**Problem details**
Print all records exactly, pictures left out.

**Input for this task**
Content starts
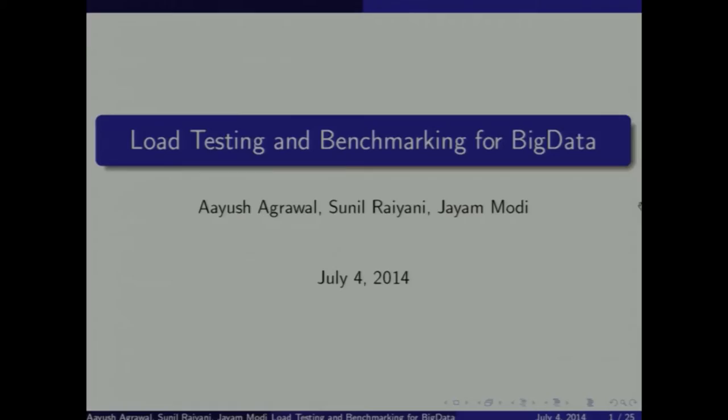Now let's move on to the next team: Load Testing and Benchmarking for Big Data, managed by Mr. Nagesh Karmali and mentored by Mrs. Shukla Nag, Ms. Feroza Aibra, and Mr. Nagesh Karmali. The team, please come up. Hi everyone, I am Ayesha Karmali, Jaya Modi, and Sunil.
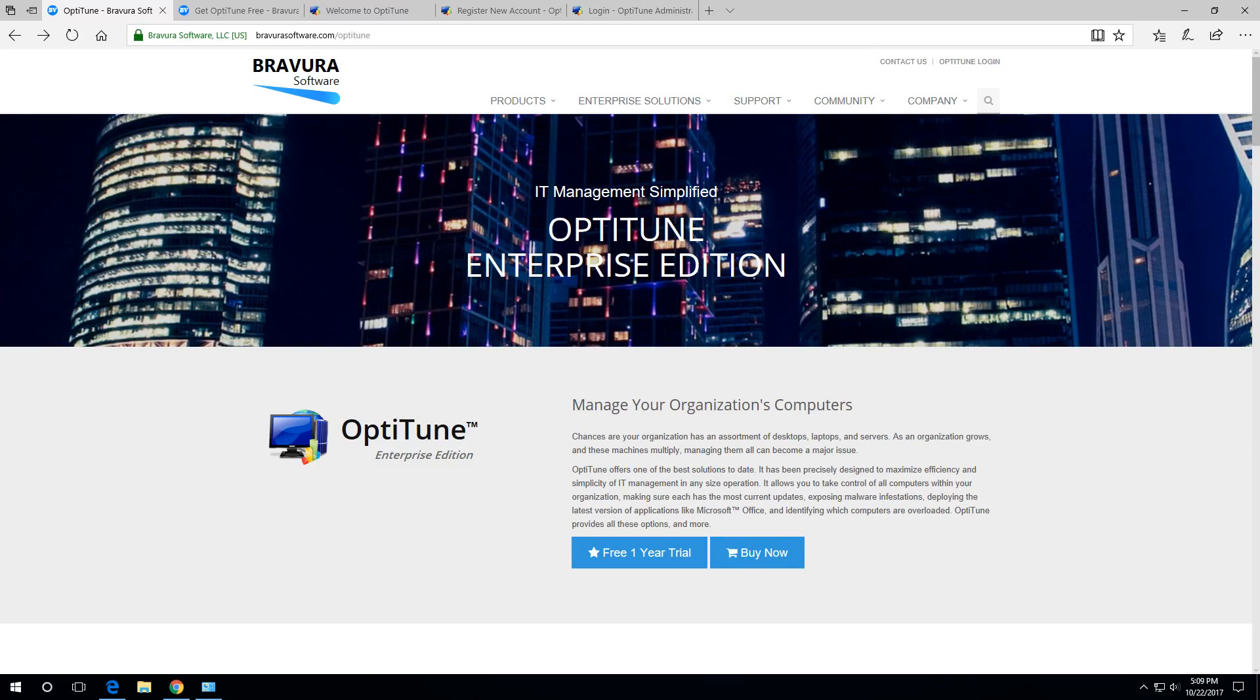Hi, it's Matthew with Brevura Software. Today I'm going to take you through setting up your company or organization in OptiTune.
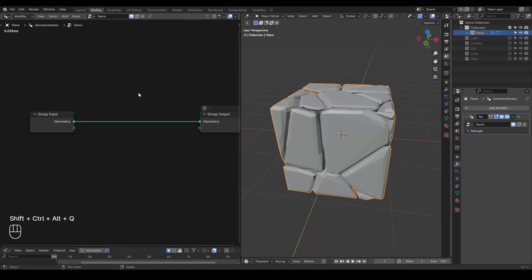Hello everyone, this is Bradley. Today this is a fundamental tutorial talking about the Split to Instance node we have since Blender 4.1. I specifically want to talk about something which will very likely be outdated in 4.2. It does not mean what you are taught today will be useless — things may just be a little bit easier or different after that time. Anyway, let's start.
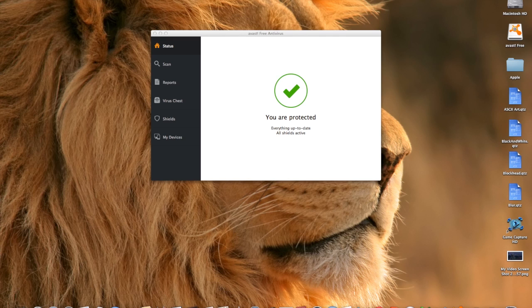What that means is that little symbol up there in the system tray — follow my mouse — there it is. That's the symbol showing it's up and running.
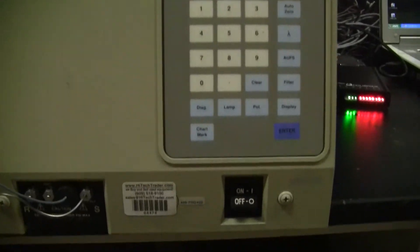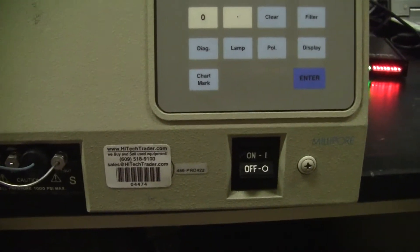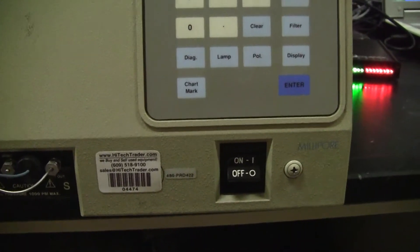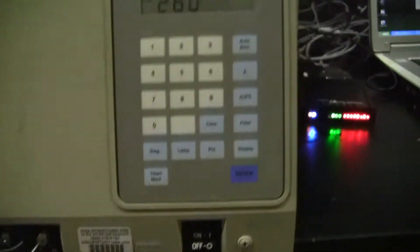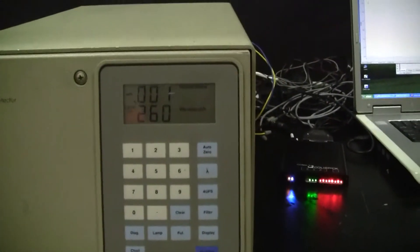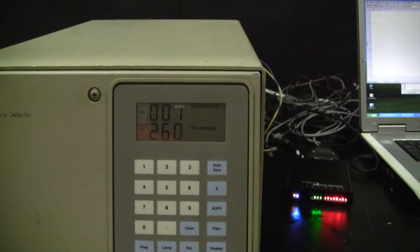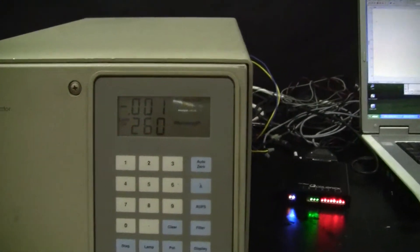The barcode on this particular unit is 04474. We've set the wavelength at 260 nanometers.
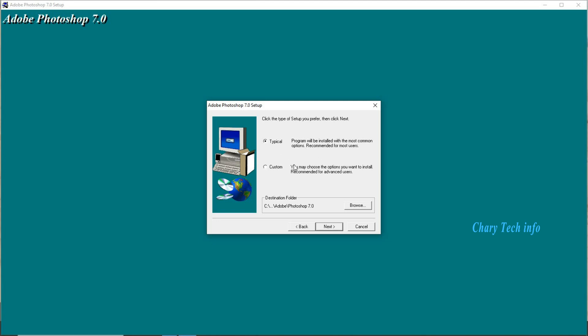Photoshop installation location destination folder display in bottom side local disk C Adapt folder, subfolder Photoshop 7.0. In case change the other one drive or folder browse button click, select your content add three space drive or folder. Unnecessary skip this, second button next click.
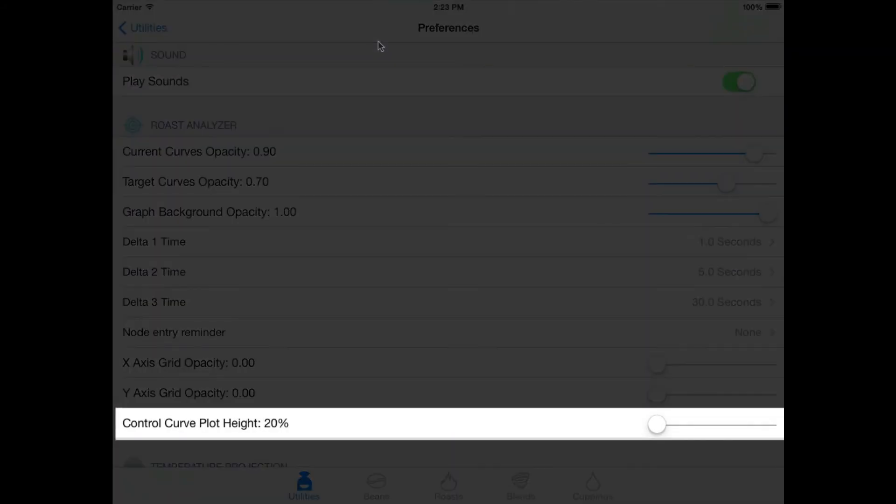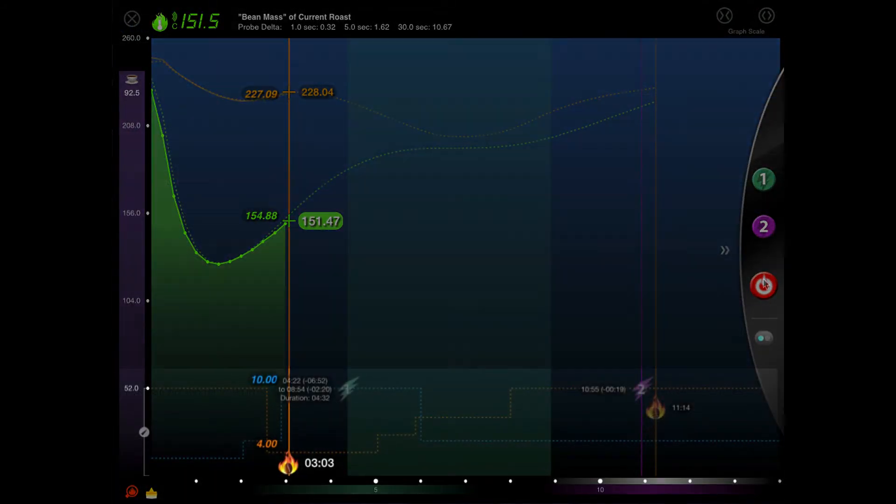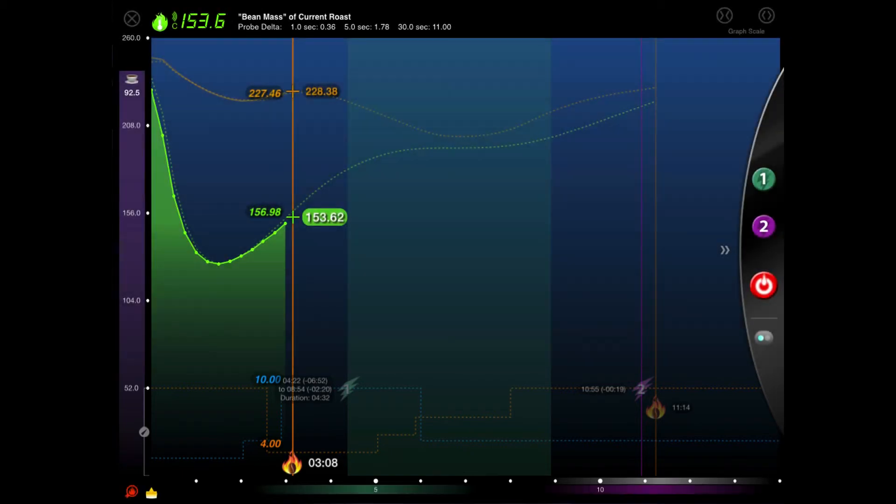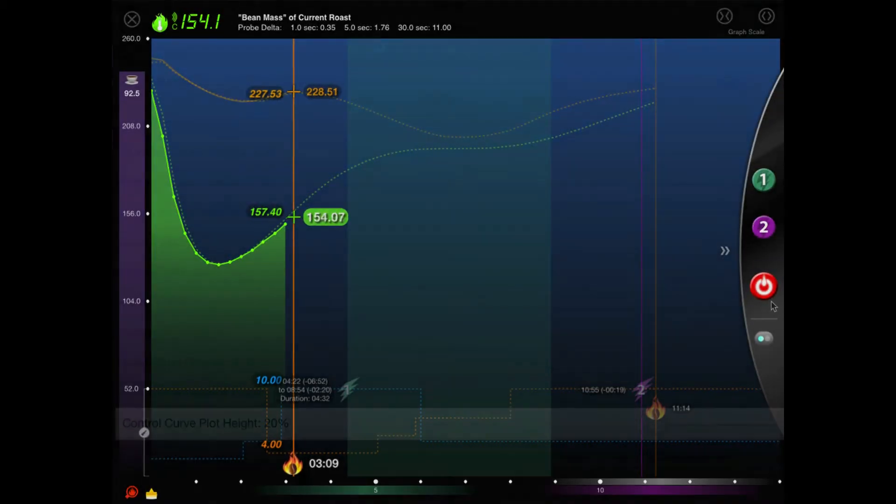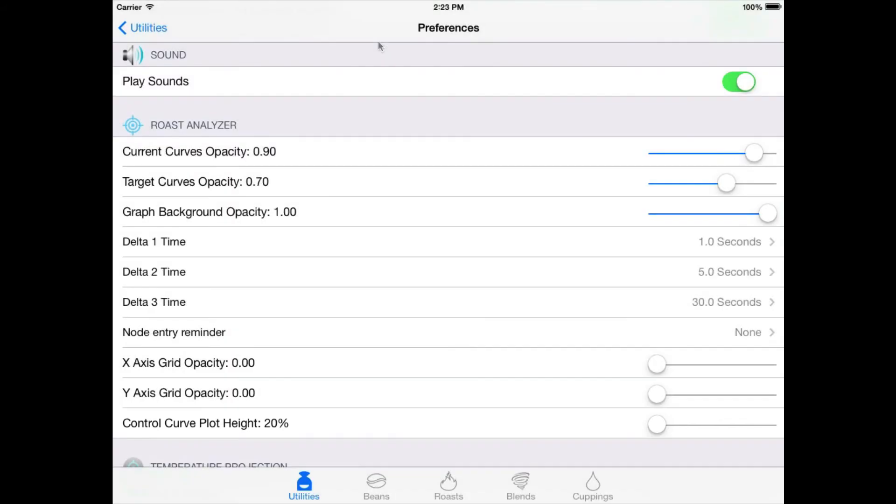Control curve plot height. This affects how high control curves will be graphed as a percentage of the entire available graph height. If you work with both control and reading curves, you'll probably want to set this setting to a value lower than 50%. This keeps control curves anchored more toward the bottom of the screen and out of the way of the active area of the reading curves.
Content ends
**Result**
Now let's move on to the next team: Load Testing and Benchmarking for Big Data, managed by Mr. Nagesh Karmali and mentored by Mrs. Shukla Nag, Ms. Feroza Aibra, and Mr. Nagesh Karmali. The team, please come up. Hi everyone, I am Ayesha Karmali, Jaya Modi, and Sunil.
Hi, it's Matthew with Brevura Software. Today I'm going to take you through setting up your company or organization in OptiTune.
Hello everyone, this is Bradley. Today this is a fundamental tutorial talking about the Split to Instance node we have since Blender 4.1. I specifically want to talk about something which will very likely be outdated in 4.2. It does not mean what you are taught today will be useless — things may just be a little bit easier or different after that time. Anyway, let's start.
What that means is that little symbol up there in the system tray — follow my mouse — there it is. That's the symbol showing it's up and running.
The barcode on this particular unit is 04474. We've set the wavelength at 260 nanometers.
Photoshop installation location destination folder display in bottom side local disk C Adapt folder, subfolder Photoshop 7.0. In case change the other one drive or folder browse button click, select your content add three space drive or folder. Unnecessary skip this, second button next click.
Control curve plot height. This affects how high control curves will be graphed as a percentage of the entire available graph height. If you work with both control and reading curves, you'll probably want to set this setting to a value lower than 50%. This keeps control curves anchored more toward the bottom of the screen and out of the way of the active area of the reading curves.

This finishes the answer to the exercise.